Does anybody have any insight on this? How can I get closed captioning on shows pushed back to the Tivo?


----------



## moyekj (Jan 24, 2006)

It's a bug in Premiere platform introduced with initial 20.2* software. The round trip of Premiere->PC->Premiere yields no captions as you mentioned. However my S3 OLED unit has no problems displaying captions. Combinations I tested that captions work fine for on S3:
S3->PC->S3
Premiere->PC->S3
Premiere->PC->Premiere->S3

Conclusion: The captions are certainly there and functional since S3 OLED unit can play them back without trouble. Something about TTG transfer "breaks" caption support for Premiere units.

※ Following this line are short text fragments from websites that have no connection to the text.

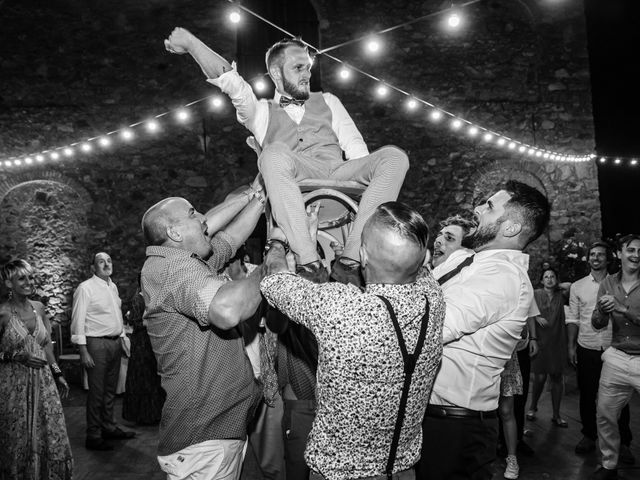 Le mariage de Jean-Philippe et Victoria à Hyères, Var 17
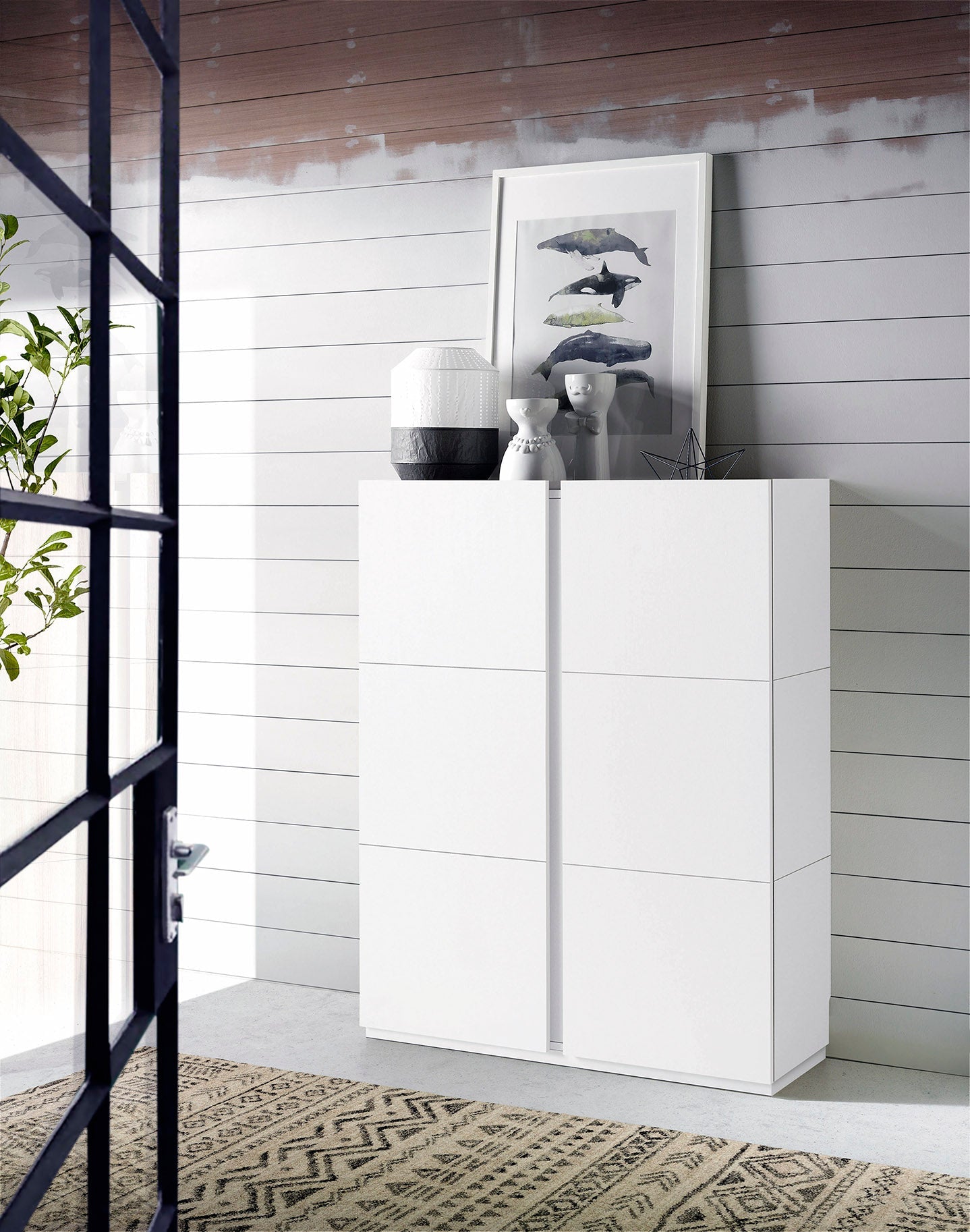 Mantén tus zapatos ordenados y a la vista con los zapateros Maussa. Descubre diseños funcionales y elegantes que optimizan el espacio en tu recibidor, dormitorio o vestidor. ¡Compra online y organiza tu calzado con estilo!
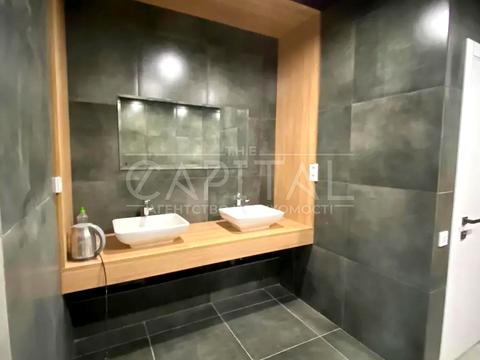 комерційна за адресою Князів Острозьких вул. (Московська), 23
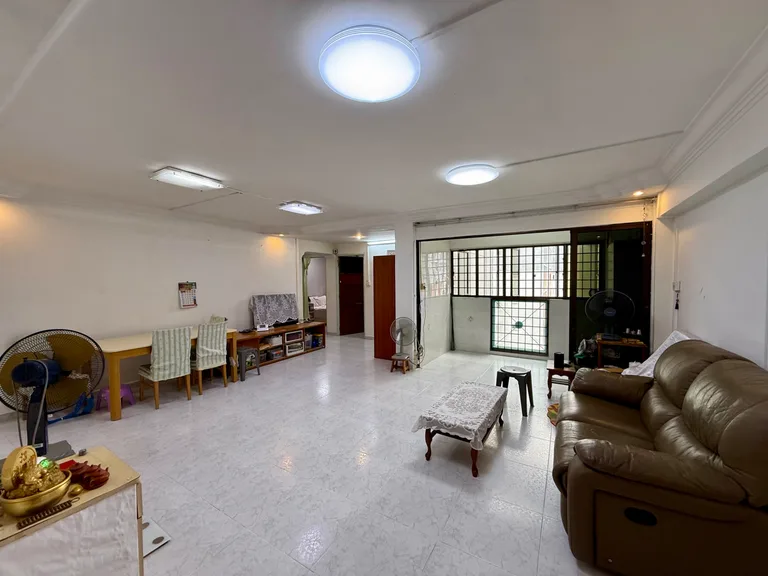 Blk 958 HOUGANG ST 91 image 1 of 10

Probably only viable workaround is to hardcode subtitles in the .mpg before returning it to Premiere.


----------



## jasew (Jun 12, 2012)

That is disheartening. But I appreciate knowing the reason. At least I won't keep banging my head against the wall needlessly.

That's a really good suggestion to burn the subtitles in. I didn't think about that. I'm off to learn a few new tricks then!

Thanks for much for your reply!


----------



## txporter (Sep 18, 2006)

I hardcode all my captions/subtitles on my files (Tivo downloads, DVD rips, etc). I use avisynth to do this and transcode pretty much solely to H.264/MP4 now with x264 (I used to re-encode back to MPEG2 with hardsubs). There are a number of GUIs that are available to do this now too. Let me know if you are interested in going the command line route and I can help with some scripts.


----------



## sar840t2 (Mar 1, 2003)

Does this problem also occur if you just use TiVo Desktop to copy to the PC and then back to the TiVo?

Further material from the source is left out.